What is expected: Give back the records that follow exactly, images excluded.

** Opening Records for the exercise block **

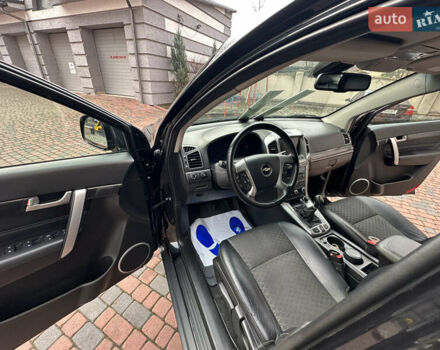 Черный Шевроле Каптива, объемом двигателя 2.38 л и пробегом 210 тыс. км за 11350 $, фото 139 на Automoto.ua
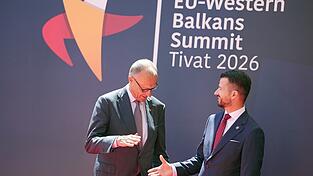Kanzler Friedrich Merz (CDU) beim Westbalkan-Gipfel in Montenegro.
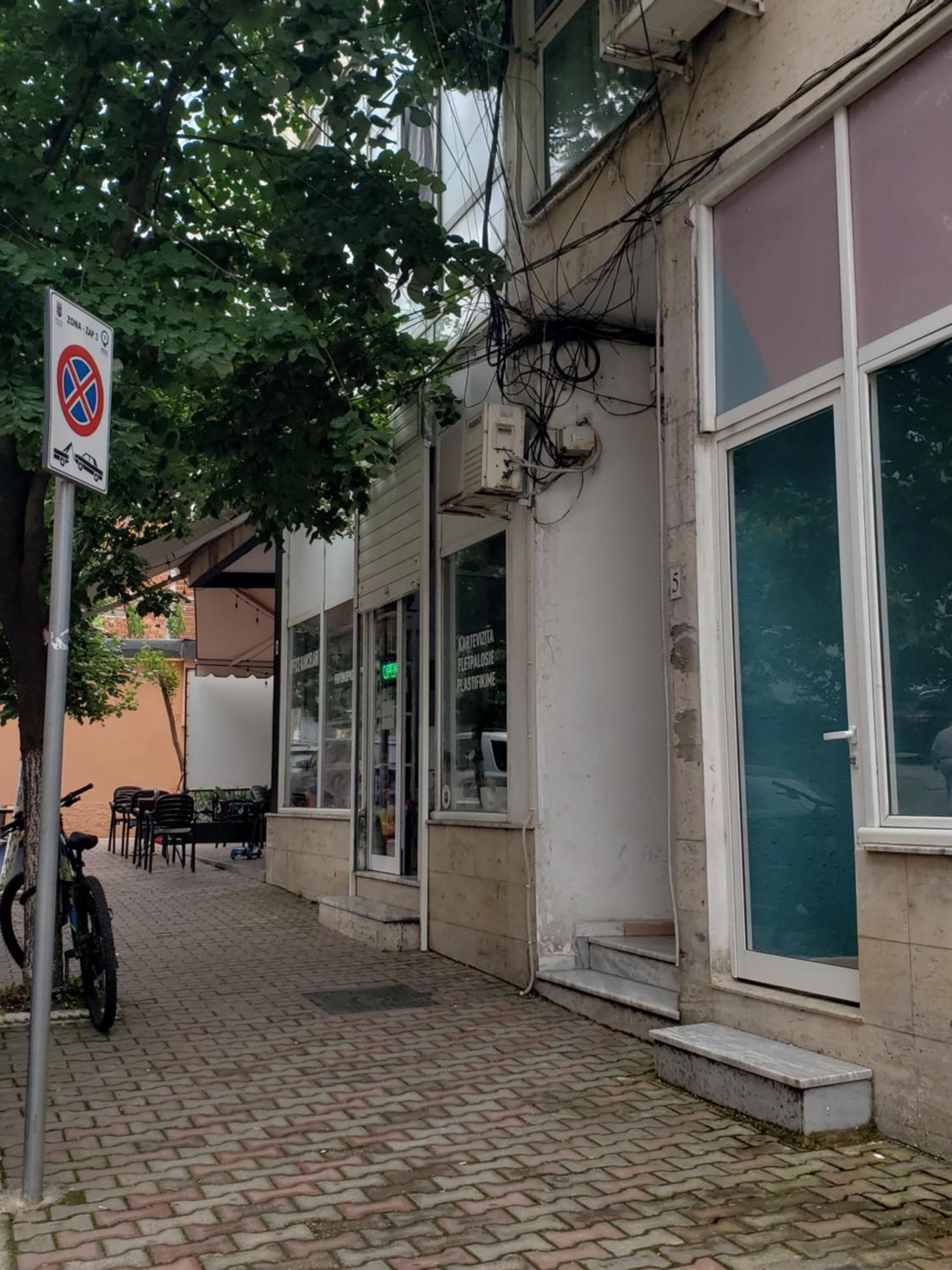 Leones Apartament Tirana Exterior photo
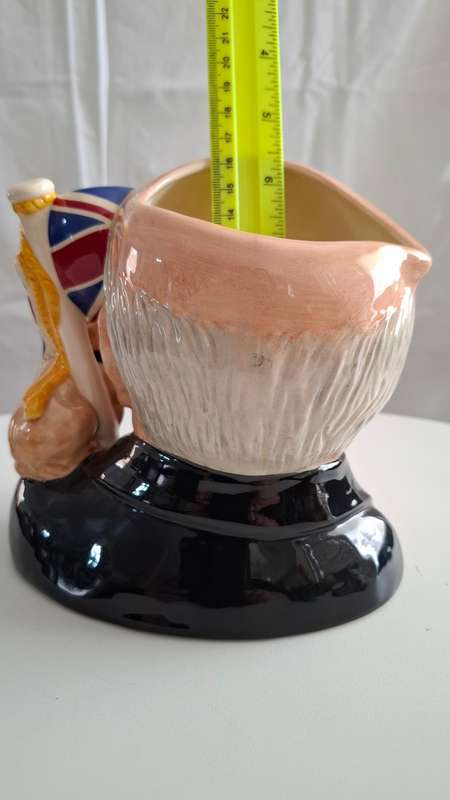 Very Rare Royal Doulton Limited Edition Winston Churchhill Toby Jug with Bulldog 1991 - D6907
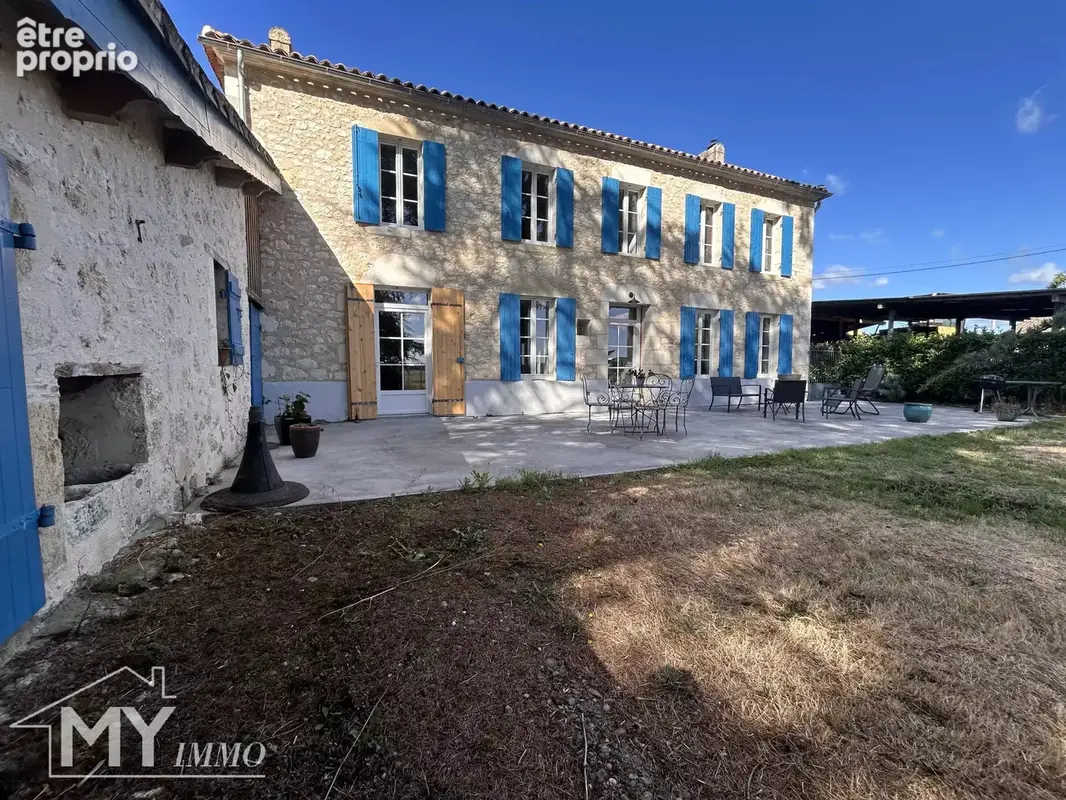 Élégante maison bourgeoise en pierre avec deux granges - photo 19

** Closing Records for the exercise block **

Task solution:
 Черный Шевроле Каптива, объемом двигателя 2.38 л и пробегом 210 тыс. км за 11350 $, фото 139 на Automoto.ua
Kanzler Friedrich Merz (CDU) beim Westbalkan-Gipfel in Montenegro.
 Leones Apartament Tirana Exterior photo
 Very Rare Royal Doulton Limited Edition Winston Churchhill Toby Jug with Bulldog 1991 - D6907
 Élégante maison bourgeoise en pierre avec deux granges - photo 19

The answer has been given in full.